### [Required action]
In your copy, reproduce each entry exactly and include no picture.

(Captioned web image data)
--------------------------------
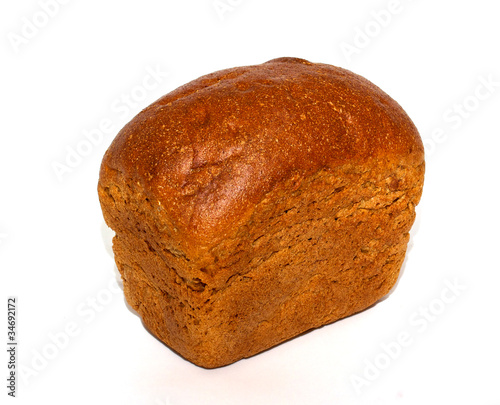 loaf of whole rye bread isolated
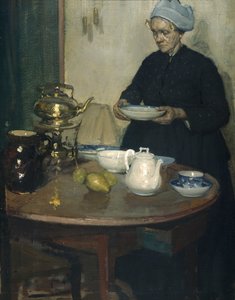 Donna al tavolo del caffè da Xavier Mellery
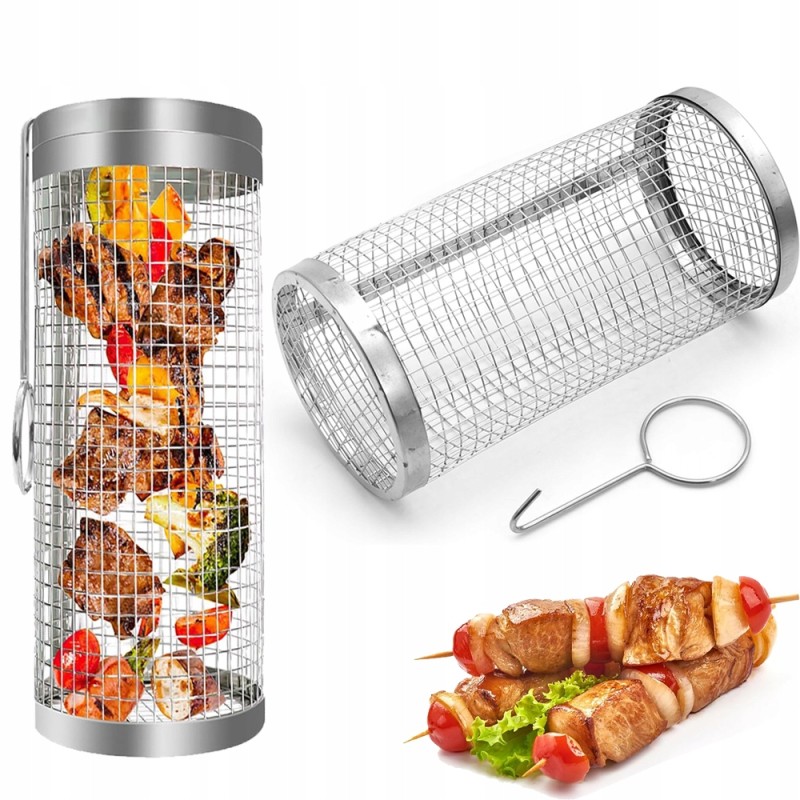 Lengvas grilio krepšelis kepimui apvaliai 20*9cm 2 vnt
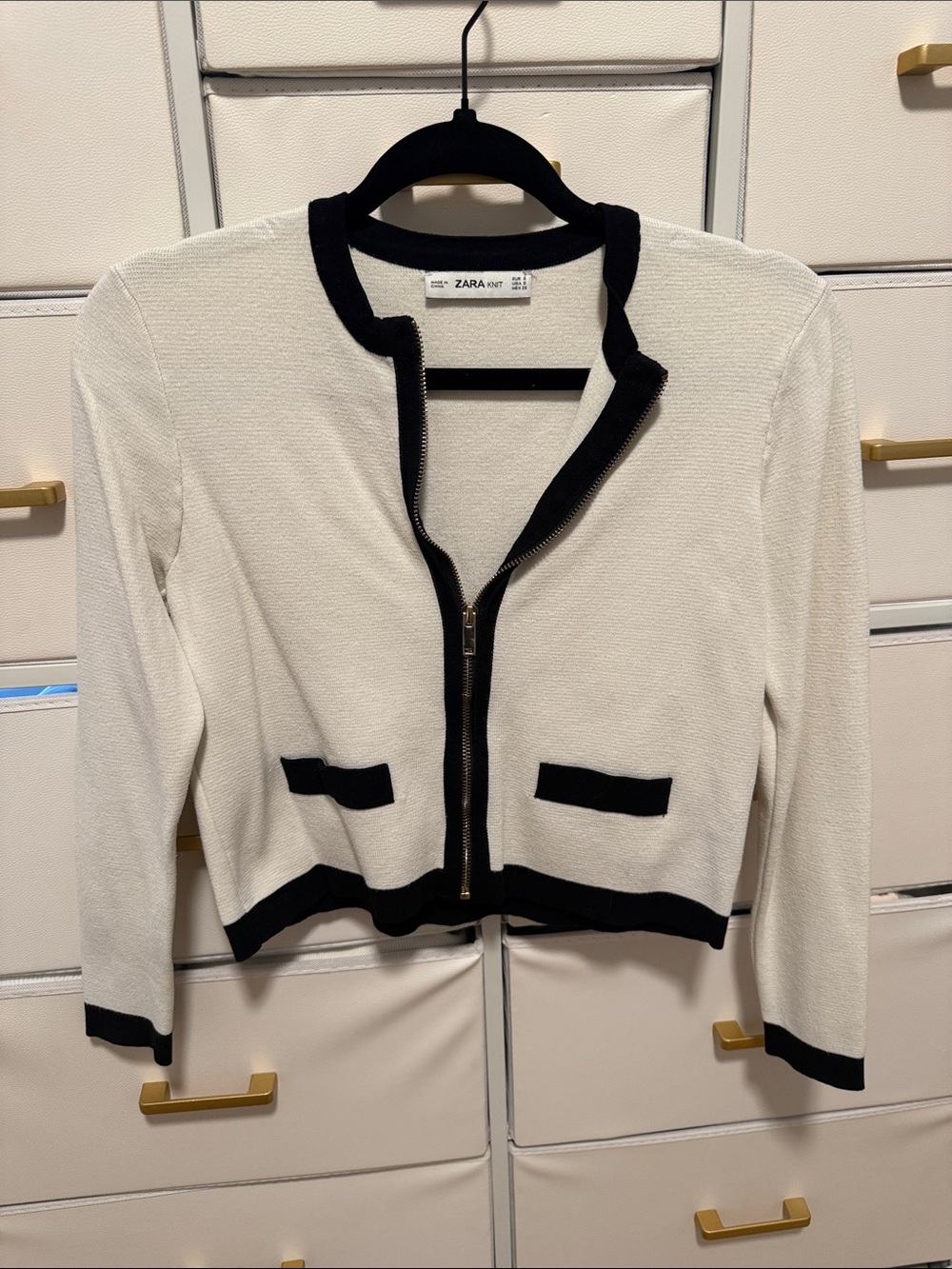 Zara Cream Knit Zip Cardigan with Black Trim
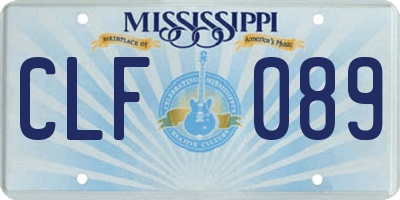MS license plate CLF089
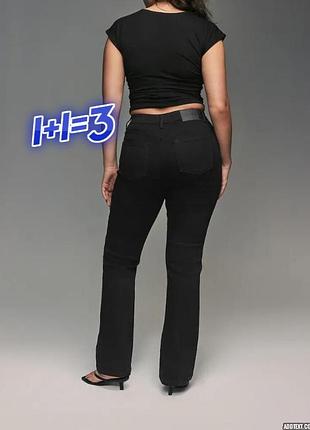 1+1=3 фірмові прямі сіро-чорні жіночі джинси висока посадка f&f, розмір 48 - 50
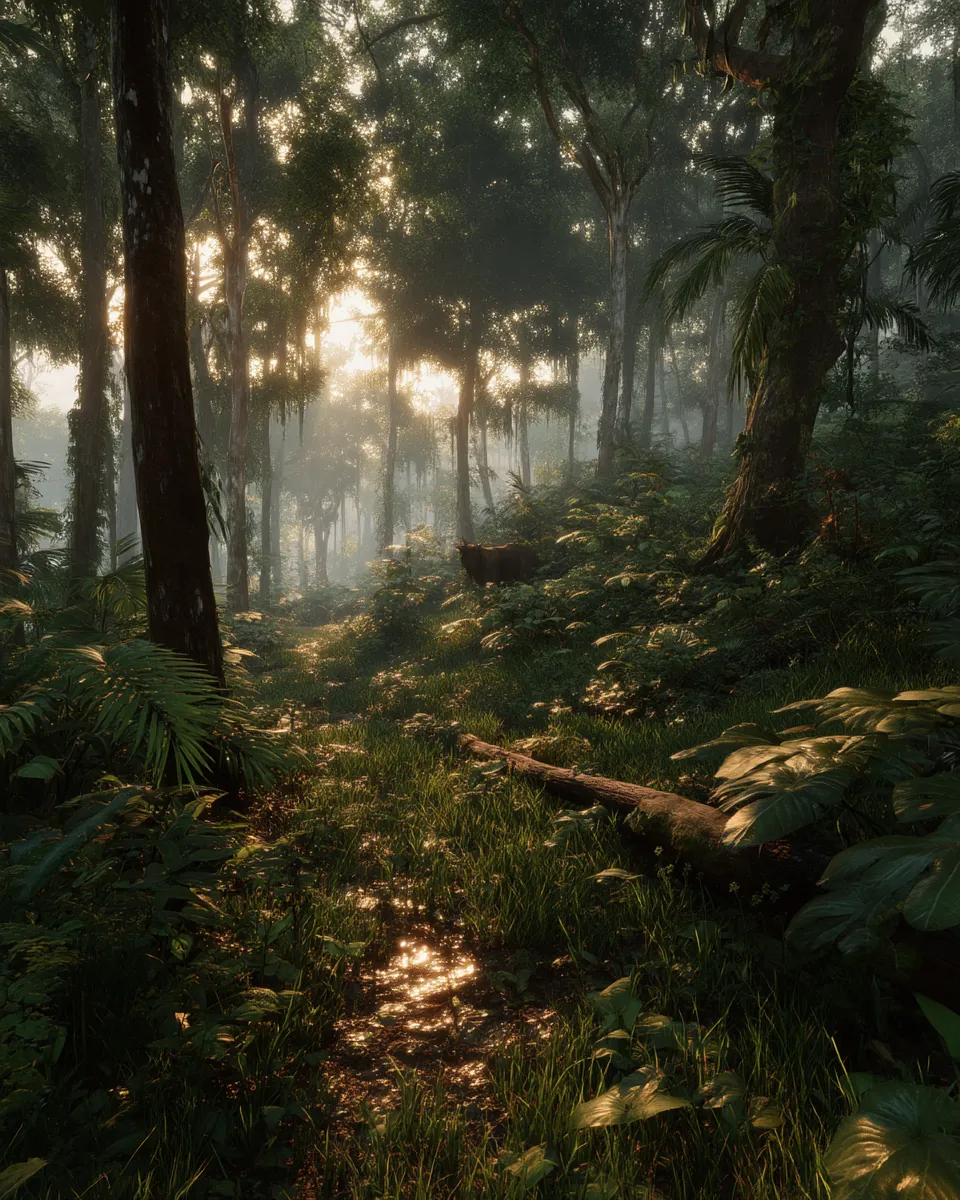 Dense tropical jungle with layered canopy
--------------------------------
### [Task result]
 loaf of whole rye bread isolated
 Donna al tavolo del caffè da Xavier Mellery
 Lengvas grilio krepšelis kepimui apvaliai 20*9cm 2 vnt
 Zara Cream Knit Zip Cardigan with Black Trim
MS license plate CLF089
 1+1=3 фірмові прямі сіро-чорні жіночі джинси висока посадка f&f, розмір 48 - 50
 Dense tropical jungle with layered canopy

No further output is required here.